◆ **AIM OF THE TASK**
Pictures aside, write out the data exactly as it reads.

◆ **DATASET SECTION**
################

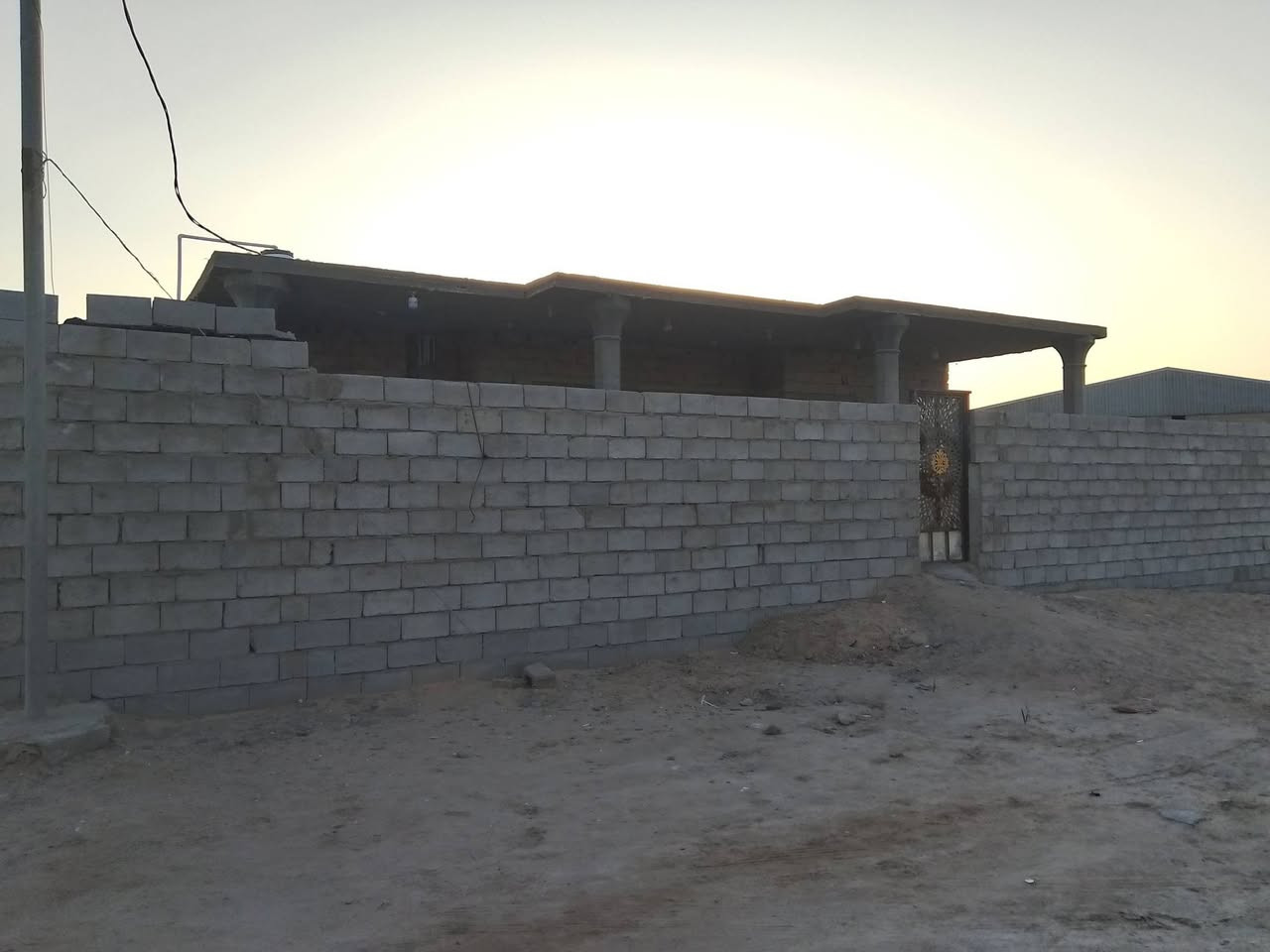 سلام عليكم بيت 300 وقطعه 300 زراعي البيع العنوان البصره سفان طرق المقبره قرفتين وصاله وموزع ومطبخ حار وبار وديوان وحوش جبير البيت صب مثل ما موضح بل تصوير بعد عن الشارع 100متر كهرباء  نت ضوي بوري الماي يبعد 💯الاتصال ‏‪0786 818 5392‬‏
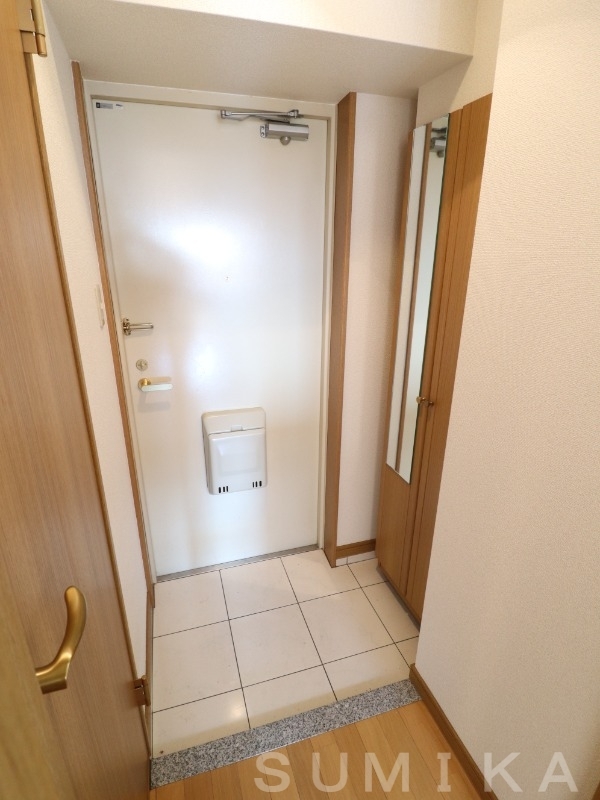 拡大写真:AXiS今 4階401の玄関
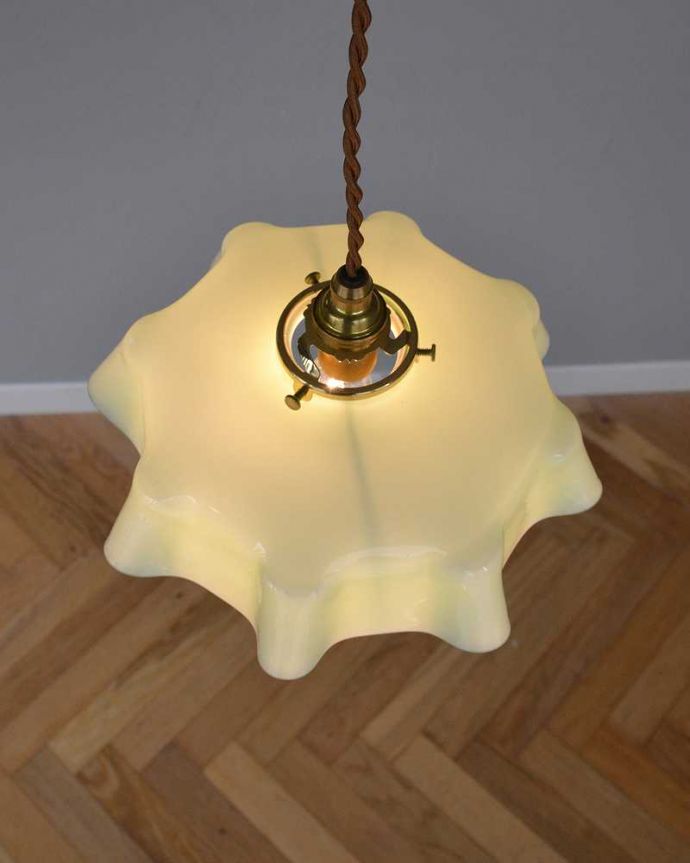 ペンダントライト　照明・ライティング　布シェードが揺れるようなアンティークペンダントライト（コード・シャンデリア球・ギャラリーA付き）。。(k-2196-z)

################

◆ **ANSWER**
 سلام عليكم بيت 300 وقطعه 300 زراعي البيع العنوان البصره سفان طرق المقبره قرفتين وصاله وموزع ومطبخ حار وبار وديوان وحوش جبير البيت صب مثل ما موضح بل تصوير بعد عن الشارع 100متر كهرباء  نت ضوي بوري الماي يبعد 💯الاتصال ‏‪0786 818 5392‬‏
 拡大写真:AXiS今 4階401の玄関
 ペンダントライト　照明・ライティング　布シェードが揺れるようなアンティークペンダントライト（コード・シャンデリア球・ギャラリーA付き）。。(k-2196-z)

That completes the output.